> _EXERCISE DIRECTIONS_: Of all the entries below, only the lines from the one with "5608 W ALICE" up to and including the one with "Yamaha XMAX 300 – Vista 7" are to be duplicated exactly.

> _DATASET ENTRIES_:
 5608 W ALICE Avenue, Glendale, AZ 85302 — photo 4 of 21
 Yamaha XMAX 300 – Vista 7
...
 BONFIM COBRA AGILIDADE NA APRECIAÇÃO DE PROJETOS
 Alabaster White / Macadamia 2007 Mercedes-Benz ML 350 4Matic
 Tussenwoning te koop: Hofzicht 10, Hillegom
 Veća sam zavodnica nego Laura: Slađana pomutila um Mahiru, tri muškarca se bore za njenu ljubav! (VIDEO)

> _REPLY TO THE EXERCISE_:
 5608 W ALICE Avenue, Glendale, AZ 85302 — photo 4 of 21
 Yamaha XMAX 300 – Vista 7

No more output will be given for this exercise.